Today’s cuppa: office coffee (gotta get some new office coffee. Suggestions?)
Last Friday, I braved the baking heat of Burbank to visit the former NBC HQ (much of the operation has moved to new digs in Universal City) for a photo shoot with John O’Hurley, winner of the first and only "Dancing With the Stars" dance-off, current host of the syndicated "Family Feud", and the annual co-anchor (with canine expert David Frei) of the wildly popular NBC broadcast of the National Dog Show, airing Thanksgiving Day.
I’ll be doing a syndicated feature story on that show, which I plan to link here.

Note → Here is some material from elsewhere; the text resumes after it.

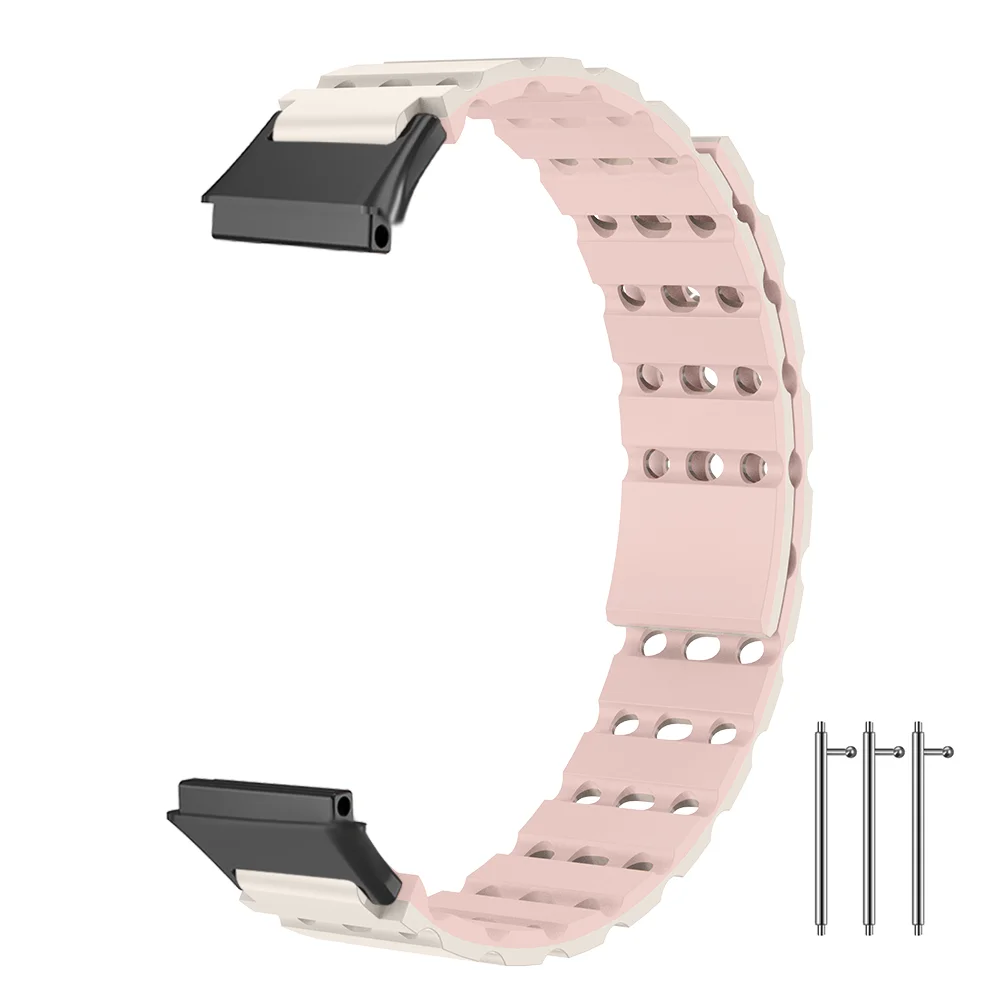 

Magnetic Watch Strap For Huawei Band 7 Bracelet Breathable Air Holes Quick Release Sweat-proof Silicone Sport Smart Watch Band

O’Hurley also brought me up to date on some of his literary, musical and business ventures (click here for his official Web site). When I dig into that material, I’ll do another post, but in the meantime, NBC was kind enough to give me a sneak peek at one of the photos from the shoot.
O’Hurley is posing with a representative of the newest breed (though hardly a new breed) to receive full American Kennel Club recognition. The Dogue de Bordeaux, also known as the French mastiff, becomes the 158th breed recognized by the AKC.
There were two on scene, the large male you see in the picture, and a slightly smaller female who became my new best friend after I scratched behind her ears — that is, until the next person walked into the room.
I tried not to take that personally.
Also on hand for the shoot were O’Hurley’s wife, Lisa Mesloh, a fellow avid golfer (here’s a piece about his golf-course proposal and their wedding), and their son, Will.
At not quite two, he just may be the cutest kid ever. (Notice I said "may." No angry letters and floods of cute baby pictures, please. Jars of diced peaches, however, are always welcome.)
Not on hand were two of O’Hurley’s dogs that I had met at earlier photo shoots. Maltese Scoshi is quite elderly, and sadly, O’Hurley recently lost Betty, a dachshund/Lab mix that he had rescued from a life
as a stray.
But two more members have been added to the O’Hurley family, a Cavalier King Charles Spaniel (Blenheim, or red and white) and a Havanese that spent most of its time serenely cradled like a baby in the crook of Lisa’s arm.
It’s a dog’s life, indeed.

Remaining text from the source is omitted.